_WHAT NEEDS TO BE DONE_:
Your copy should hold exactly the lines from the beginning of the listing below through the line with "ELEMIS Pro-Collagen Lifting", without any pictures.
--- DATASET CONTENT Enclosed Below ---
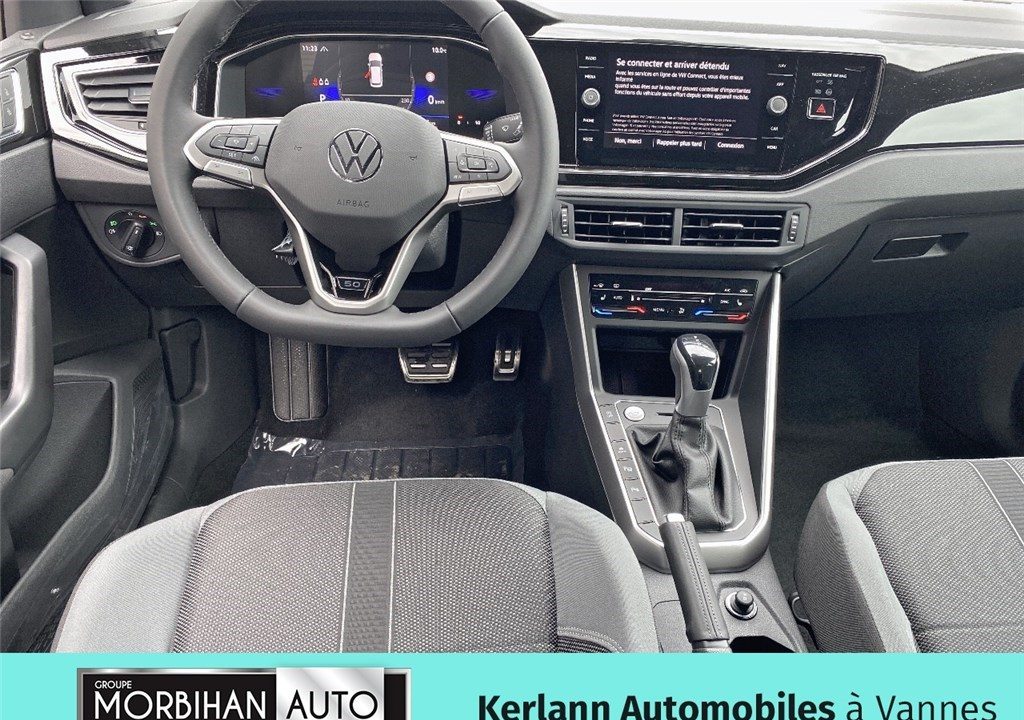 VOLKSWAGEN POLO 1.0 TSI 95 S&S DSG7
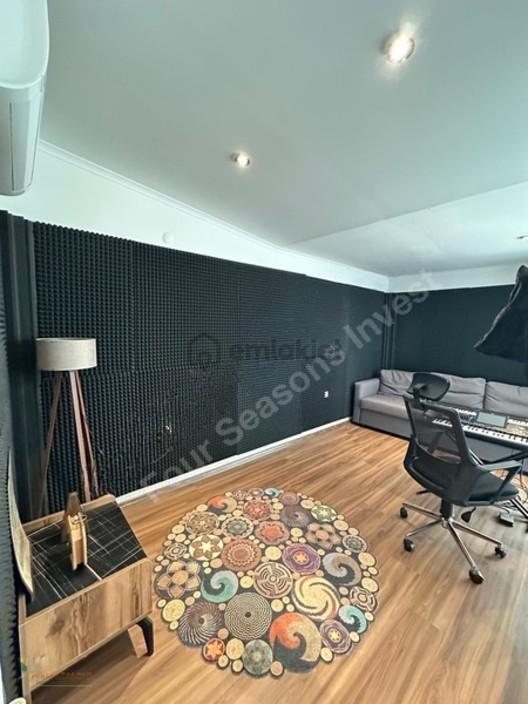 Kestelde Denize Yakın Lux Sitede 3+1 Dublex Geniş Daire - 26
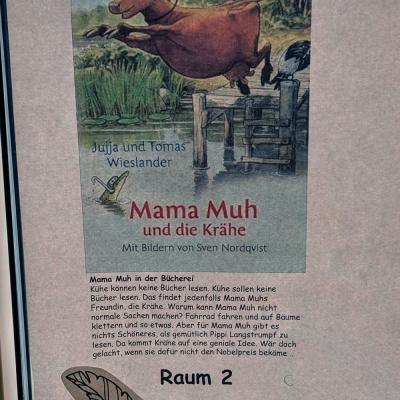 Vorlesetag, 21.11.2025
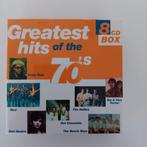 Greatest hits of the 70's 8 cd box, Tickets en Kaartjes, Concerten | Pop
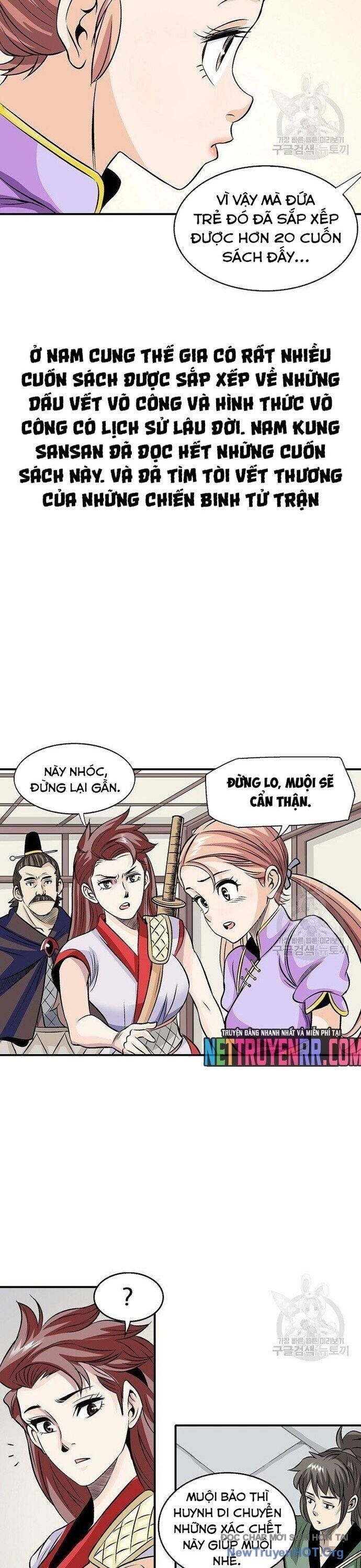 Quang Long Chapter 36 - Trang 2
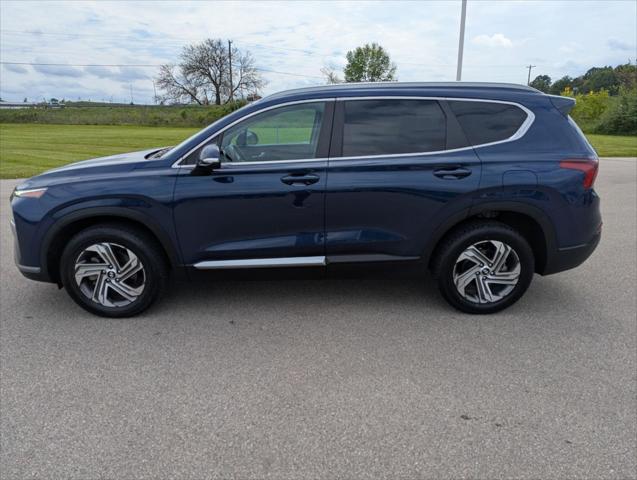 Used 2023 Hyundai Santa Fe For Sale in Jackson, MI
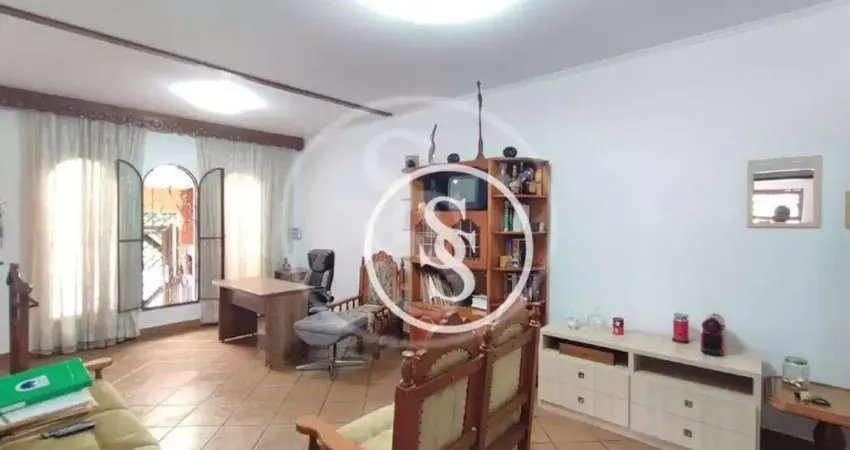 Casa com 3 dormitórios à venda, 192 m² por R$ 650.000,00 - Demarchi - São Bernardo do Campo/SP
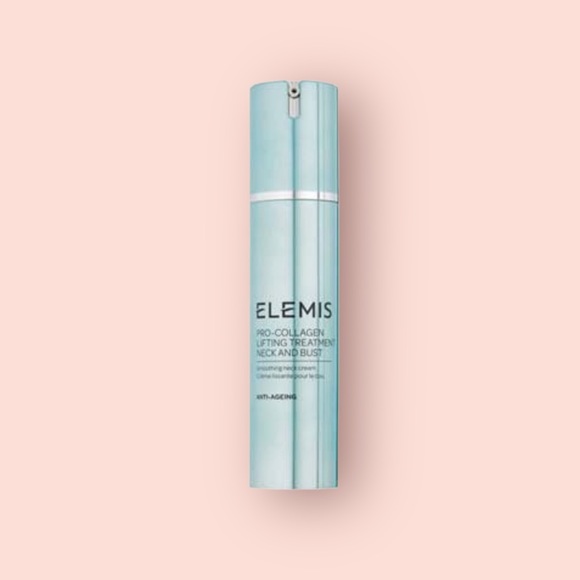 ELEMIS Pro-Collagen Lifting Treatment Neck & Bust,Smoothing Neck Cream,1.6 Fl Oz - Picture 2 of 2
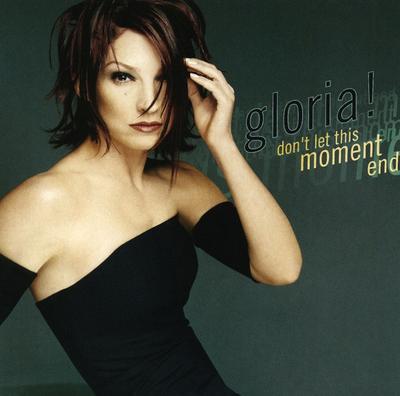 CD GLORIA ESTEFAN - Don't Let This Moment End 34K79058 Epic Dance 1998 US Dance & Electronica Used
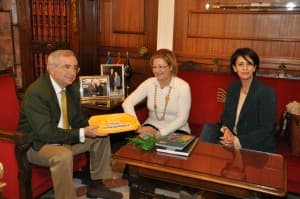 La Agenda de la Igualdad 2012 estará hermanada con Melilla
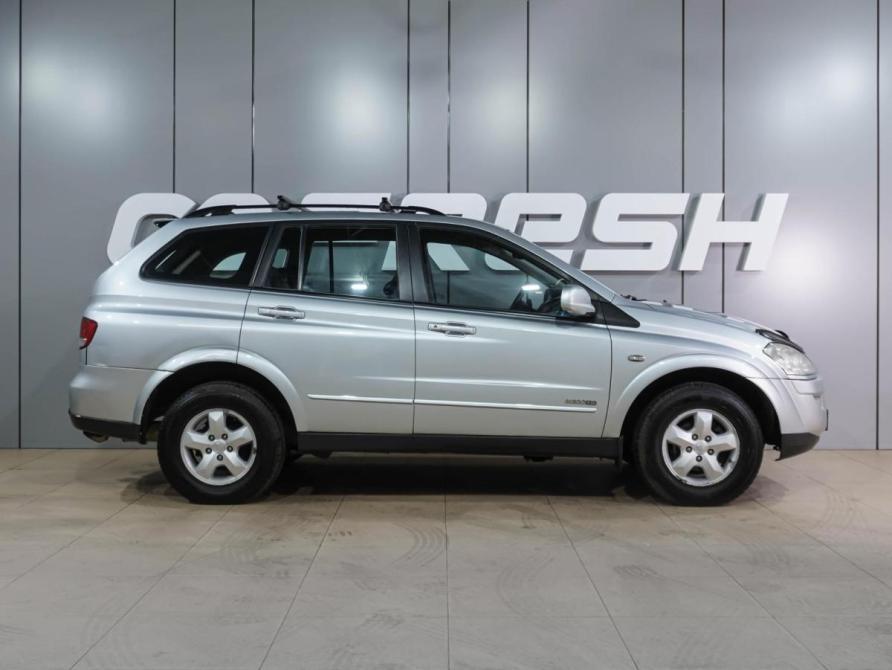 SsangYong Kyron I Рестайлинг Воронеж  - изображение 5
--- End of Enclosed DATASET CONTENT ---
_ANSWER_:
 VOLKSWAGEN POLO 1.0 TSI 95 S&S DSG7
 Kestelde Denize Yakın Lux Sitede 3+1 Dublex Geniş Daire - 26
 Vorlesetag, 21.11.2025
 Greatest hits of the 70's 8 cd box, Tickets en Kaartjes, Concerten | Pop
 Quang Long Chapter 36 - Trang 2
 Used 2023 Hyundai Santa Fe For Sale in Jackson, MI
 Casa com 3 dormitórios à venda, 192 m² por R$ 650.000,00 - Demarchi - São Bernardo do Campo/SP
 ELEMIS Pro-Collagen Lifting Treatment Neck & Bust,Smoothing Neck Cream,1.6 Fl Oz - Picture 2 of 2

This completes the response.